Fools & AI Scores

April 28, 2026

Fools & AI Scores

Dashboards were never supposed to become the job; Goodhart’s Law gets nastier as AI spreads. Goodhart’s Law says: “When a measure becomes a target, it ceases to be a good measure.” The moment you tie rewards, status, or punishment to a specific metric, people start optimizing for the metric itself rather than the underlying reality it was supposed to represent. Over time, the metric gets gamed, reality gets distorted, and the number stops telling you the truth.

AI is a dangerously susceptible prey. Goodhart’s Law becomes more vicious when AI is involved because the same tool that generates the work can also grade it and defend it. It can produce numbers that feel right but aren't telling the truth.

The modern manager’s fantasy is that messy work can be cleaned up with a score. Score the teacher. Score the banker. Score the model. Score the developer. Tie money and status to the number. Then call it discipline.

On the surface, it makes sense. It always has. The CFPB (Consumer Financial Protection Bureau) reports that Wells Fargo’s sales targets and compensation incentives helped drive employees to open more than 2 million accounts that may not have been authorized by customers. Education researchers found the same pattern in schools: attach high stakes to test scores and both educators and the scores themselves get corrupted.

Economists have historically modeled the same failure in more formal terms. In jobs with several tasks, strong incentives on the easy-to-measure part pull effort away from the hard-to-measure part. Reward the visible task hard enough and people rationally neglect quality, maintenance, mentoring, judgment, or restraint.

AI makes matters worse. Software developers know this since AI started creating leaderboards and commits dashboards, as if more code was indicative of more high quality work. Developers may be aware of this trap, since they know that good things take time, but trouble starts when managers read these metrics as direct measures of output. In fact, GitHub’s own docs quietly advise teams to combine dashboard trends with surveys or retrospectives to get a full picture of productivity.

Take the dumb version first: rewarding developers for AI token spend. The moment you do that, you are paying for longer prompts, bigger context windows, more agent calls, and a higher bill.

Even OpenAI pointed out in 2025 that standard evals reward guessing over admitting uncertainty. On many scoreboards, a model that takes a wild guess can beat a model that honestly says “I don’t know,” because abstention gets 0 while lucky guesses sometimes score as correct. That is Goodhart’s Law inside the eval loop. We optimize for the score, then act surprised when the model optimizes for looking right instead of being right.

A 2025 NAACL paper found that LLM evaluations often ignore non-determinism, that rankings can change across decoding settings, and that best-of-N sampling can radically alter benchmark results. The paper points to a case where selecting the best answer from 256 random generations let Llama-2-7B hit 97.7% on GSM8K, ahead of GPT-4 on that setup.

A separate 2026 paper on LLM-as-a-judge says the central question is still unresolved: can we trust the judgments of LLM judges, given prompt variation and limited human alignment.
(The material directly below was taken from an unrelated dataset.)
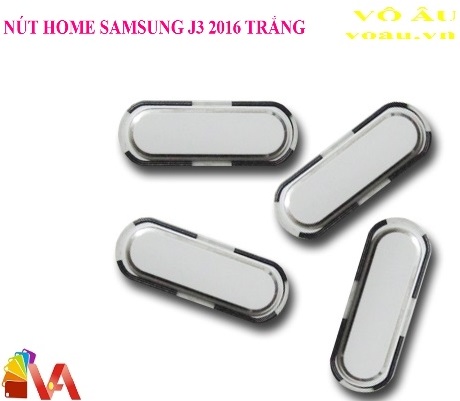 NÚT HOME SAMSUNG J3 2016 MÀU TRẮNG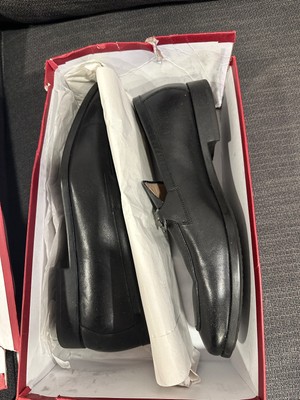 Salvatore Ferragamo Ree Men\'s Gancini Buckle Slip-on Shoes, Size 9- Black FERRAGAMO Ottone Gancini Leather Mule Loafers | Saks Fifth  main image 4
Clean scores can hide very dirty variance.

And AI has one more advantage over old-fashioned bad metrics: it can argue. Even an old model like GPT-4 with access to participant data was more persuasive than human opponents in multiround debates, winning 64.4% of the time in cases where AI and humans were not equally persuasive. Another study found that deceptive AI-generated explanations were more persuasive than honest ones and could amplify belief in false headlines.

This is why spreadsheet culture becomes dangerous in AI-heavy companies. Numbers do useful work. They compress reality. They surface anomalies. They let you compare periods and spot anomalies. Trouble starts when they replace contact with the underlying processes of reality. A spreadsheet is a map. Management gets lost when it starts treating the map as the territory.

The question is never “Should we measure?” Of course we should. The question is “What disappears when we reward this number?” Reward the appearance of certainty and the honest answer, “I’m not sure,” begins to die.

The real danger is not that people love numbers. The real danger is that numbers end arguments, and AI can now manufacture numbers, explanations, and confidence all at once.